Performance Problem (+ simple understanding of parallel configuration GPU)

Hi,

i just wanne discribe our problem i a few words:
we wanne make a kernel running parallel on cuda. the kernel still running very finde but much to slow. more slower than on our CPU. we use a geforce GTX 560Ti to run our kernel. so there schould be much potential to be faster than our AMD Dual-Core-CPU.
we use the following configuration to play with the max. numbers of threads our GPU is managing.

cuLaunchKernel(	process,				//Kernel to launch
							1, 						//gridDimX 	- Width of grid in blocks
							1, 						//gridDimY 	- Height of grid in blocks
							1, 						//gridDimZ 	- Depth of grid in blocks
							1, 						//blockDimX - X dimension of each thread block  (z.B.: WORK_SIZE) // Total number of active threads
							1, 						//blockDimY - Y dimension of each thread block
							1, 						//blockDimZ - Z dimension of each thread block
							0, 						//sharedMemBytes 	- Dynamic shared-memory size per thread block in bytes

so in our case we put up the blockDimx up to 512 to run our application in parallel.
in this forum there are often discriptions including warps, blocks and grids. what does this in our case means?
how many threads we are able to run in parallel with our Geforce GTX 560Ti?

we also take the time running our application on CPU (2s) and GPU (152s). so we think it’s not running parallel. could this problem cased with our configuration of gridDim and blockDim?

thanks for reply.

If I understood correct the comments you are launching only 1 block with 1 thread.
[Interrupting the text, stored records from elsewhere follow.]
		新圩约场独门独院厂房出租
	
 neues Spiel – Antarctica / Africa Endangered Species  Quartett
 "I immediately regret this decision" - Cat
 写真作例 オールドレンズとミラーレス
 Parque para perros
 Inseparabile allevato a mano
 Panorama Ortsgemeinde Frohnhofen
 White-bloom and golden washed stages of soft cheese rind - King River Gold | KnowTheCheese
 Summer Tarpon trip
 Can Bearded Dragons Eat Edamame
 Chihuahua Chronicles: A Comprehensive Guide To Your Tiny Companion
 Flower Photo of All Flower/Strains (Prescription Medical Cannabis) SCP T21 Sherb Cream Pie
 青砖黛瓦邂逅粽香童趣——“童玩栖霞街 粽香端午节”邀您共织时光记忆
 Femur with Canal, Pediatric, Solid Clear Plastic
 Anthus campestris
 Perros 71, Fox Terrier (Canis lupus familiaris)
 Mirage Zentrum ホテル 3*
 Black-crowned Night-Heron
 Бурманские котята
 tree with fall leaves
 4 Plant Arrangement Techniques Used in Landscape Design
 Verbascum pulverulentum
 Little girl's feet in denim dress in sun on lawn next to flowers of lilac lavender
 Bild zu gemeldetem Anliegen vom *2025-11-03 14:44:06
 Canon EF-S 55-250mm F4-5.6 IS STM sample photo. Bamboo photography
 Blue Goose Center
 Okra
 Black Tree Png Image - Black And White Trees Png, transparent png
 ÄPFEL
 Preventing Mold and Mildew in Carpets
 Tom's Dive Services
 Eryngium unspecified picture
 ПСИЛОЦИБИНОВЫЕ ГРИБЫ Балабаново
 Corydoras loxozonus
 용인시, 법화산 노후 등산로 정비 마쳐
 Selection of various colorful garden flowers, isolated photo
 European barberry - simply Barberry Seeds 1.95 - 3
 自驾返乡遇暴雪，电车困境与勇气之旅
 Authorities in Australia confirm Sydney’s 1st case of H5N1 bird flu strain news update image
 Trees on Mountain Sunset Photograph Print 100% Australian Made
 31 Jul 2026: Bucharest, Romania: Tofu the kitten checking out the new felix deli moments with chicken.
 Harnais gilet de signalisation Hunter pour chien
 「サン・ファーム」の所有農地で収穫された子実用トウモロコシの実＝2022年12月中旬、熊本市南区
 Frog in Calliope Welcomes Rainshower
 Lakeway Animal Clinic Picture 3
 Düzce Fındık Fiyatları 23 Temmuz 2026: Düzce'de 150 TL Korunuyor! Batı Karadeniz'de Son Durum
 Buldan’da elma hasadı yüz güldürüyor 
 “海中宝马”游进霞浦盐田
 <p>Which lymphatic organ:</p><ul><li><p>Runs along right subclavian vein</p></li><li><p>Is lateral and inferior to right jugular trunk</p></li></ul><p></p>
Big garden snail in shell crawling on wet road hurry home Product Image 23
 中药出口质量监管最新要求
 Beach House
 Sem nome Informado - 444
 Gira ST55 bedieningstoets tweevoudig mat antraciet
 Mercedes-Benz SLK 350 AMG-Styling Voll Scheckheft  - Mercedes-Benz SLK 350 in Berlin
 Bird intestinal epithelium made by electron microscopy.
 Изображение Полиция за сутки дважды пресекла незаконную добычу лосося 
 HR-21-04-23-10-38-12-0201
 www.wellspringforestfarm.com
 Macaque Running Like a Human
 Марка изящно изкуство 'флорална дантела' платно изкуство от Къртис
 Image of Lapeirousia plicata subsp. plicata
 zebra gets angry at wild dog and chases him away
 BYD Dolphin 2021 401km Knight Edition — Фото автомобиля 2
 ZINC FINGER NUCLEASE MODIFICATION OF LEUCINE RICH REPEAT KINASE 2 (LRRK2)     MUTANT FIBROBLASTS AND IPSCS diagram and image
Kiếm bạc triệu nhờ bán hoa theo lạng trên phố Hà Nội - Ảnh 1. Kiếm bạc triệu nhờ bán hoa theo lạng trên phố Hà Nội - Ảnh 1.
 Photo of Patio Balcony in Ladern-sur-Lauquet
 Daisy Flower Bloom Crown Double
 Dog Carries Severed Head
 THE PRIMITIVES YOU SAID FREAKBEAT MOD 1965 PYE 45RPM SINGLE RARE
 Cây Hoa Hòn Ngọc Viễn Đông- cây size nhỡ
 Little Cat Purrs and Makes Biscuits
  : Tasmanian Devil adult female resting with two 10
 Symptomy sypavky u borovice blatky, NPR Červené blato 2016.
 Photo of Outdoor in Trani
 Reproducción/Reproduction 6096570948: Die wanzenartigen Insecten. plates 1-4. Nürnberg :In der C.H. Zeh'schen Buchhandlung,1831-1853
No parallelism.

no, by default we use

cuLaunchKernel(	process,				//Kernel to launch
							393, 						//gridDimX 	- Width of grid in blocks
							393, 						//gridDimY 	- Height of grid in blocks
							1, 						//gridDimZ 	- Depth of grid in blocks
							64, 						//blockDimX - X dimension of each thread block  (z.B.: WORK_SIZE)
							1, 						//blockDimY - Y dimension of each thread block
							1, 						//blockDimZ - Z dimension of each thread block
							0, 						//sharedMemBytes 	- Dynamic shared-memory size per thread block in bytes

Then you need to put more information here. The parallelism is put in by the programmer explicitly. In the kernel yo have the thread id and you set each thread to do a part of the problem, usually 1 thread 1 (or 29 elements of the matrix.

we have a data-array with the gridDimX 393 und gridDimY 393. every single thread take a specified part of this array to do it’s own work (of course with the same kernel).
in our example (step upper) we take 64 threads to run parallel at the same time. (we tested it up to 512 threads in parallel). …i don’t know exactly, but shouldn’t geforce GTX 560Ti run more than this 512 threads in parallel? this card has about 8 SM and i think each SM should run these 512 threads in parallel? korrekt?
the second confused problem is, that there is no significant different in worktime, if we set up higher the parallel level of threads. in our example there is nearly no difference between 64 and 512 threads in parallel.
what we could make wrong?

Some codes show no difference when you change the number of threads per block. Unless you give a little more details it is difficult to say. I am not even sure you are running kernels in the correct way.

what do you mean with: “I am not even sure you are running kernels in the correct way.”
can you explain me?

Until I see the code I can not say what is the problem.